The purpose of this legislation is not to help any of these businesses. The purpose of this legislation is to help Ireland to grow as an area where we can attract employment. People will get employment as a result of this new legislation and these new funds being in place. We are helping the Irish economy to recover by getting this legislation through. It is designed to help these businesses. It is designed to grow the industry in Ireland. That is an important issue to highlight as well. Those are the main points I would like to make.
I understand people have asked about the beneficial ownership. When I went into the Department and I was presented with this legislation and told that it was coming through, like the Senators and some other people, I wanted to know about the taxation situation in relation to these new investment limited partnerships. The investment limited partnerships authorised by the Central Bank after 13 February 2013 are treated as tax transparent. That means investment limited partnerships are taxed as if the partner or the investor directly holds the asset rather than the fund, and this is standard practice. Let me explain to the public. They think we are setting up a new corporate structure; we are not. It is only a contract between two persons. It does not have a legal identity. It is two persons, six persons or ten persons coming together to form a partnership. Each of the persons contributing to the partnership is liable for the tax in relation to any profits he or she makes as a result of his or her investment. There is not a partnership organisation, structure or body registered with the companies office or the Revenue Commissioners. It is only a legal contract between the two sides. The investors directly pay the tax wherever they are located in the world. That is important. It is a question I asked. I asked about the beneficial ownership because they do not even have to be from Europe. They could be from the United States or wherever.

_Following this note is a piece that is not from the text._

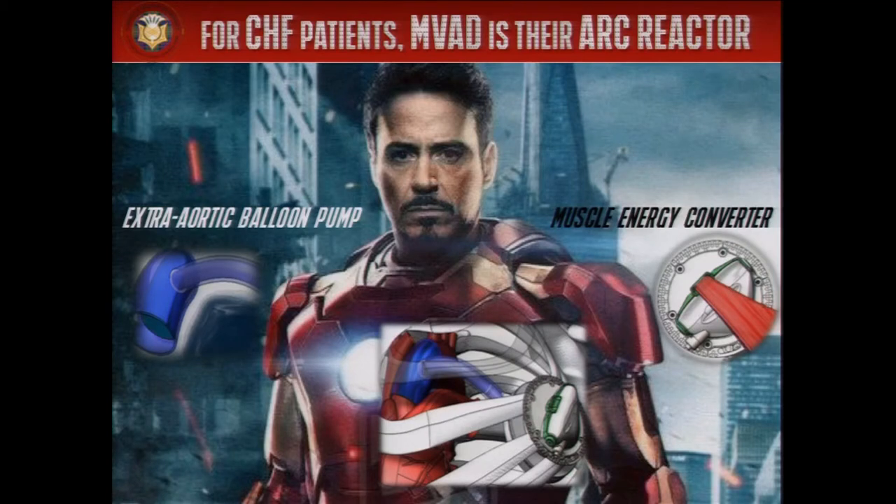What happens to Tony Stark, our superhero, if his arc reactor stops working? He dies. Now, what happens to humans if our heart fails? How many Americans do you think die every year? 2.5 million. And among the 2.5 million, 25% of them die of heart disease. That is one in every four deaths.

That is why we have to get proof of people's identity through their passports before they can invest. The tax treatment will not change.
The Ireland for Finance strategy was developed with the aim of creating employment and securing Ireland's reputation as a reputable and attractive location for the funds industry, which is subject to a robust and transparent regulatory regime. The Central Bank is a very highly regarded regulator internationally, but some people in the industry feel it sets the standards too high. If they do not like Irish regulation, let them go somewhere else. We do not want anything to do with them if they do not want to be subject to our regulations.

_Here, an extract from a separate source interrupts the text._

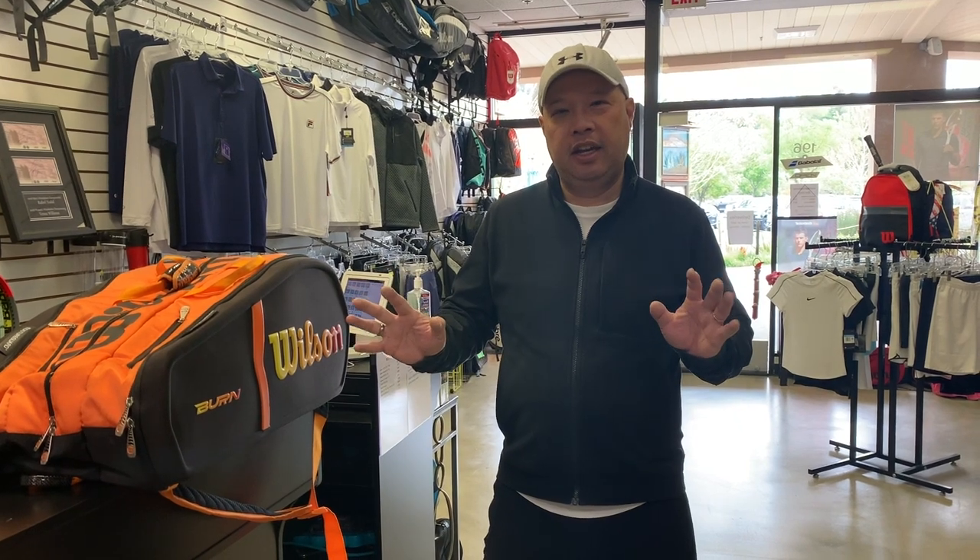Welcome to Tennis Spin, where we put our spin on your tennis. Today we're going to do a bag check on my bag, and I'm actually going to say why you should carry three to four rackets in your bag.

I welcome the opportunity we had today to discuss this Bill, which did not take long. This legislation will help to increase investment in the economy, thus creating employment. It will allow the sector in Ireland to compete for funds that have been going to other jurisdictions. I look forward to the co-operation of Senators on Committee and Report Stages.
When is it proposed to take Committee Stage?
Next Tuesday, 29 September.
Is that agreed? Agreed.
In accordance with the order of the Seanad of 18 September, the House stands suspended until 2.30 p.m.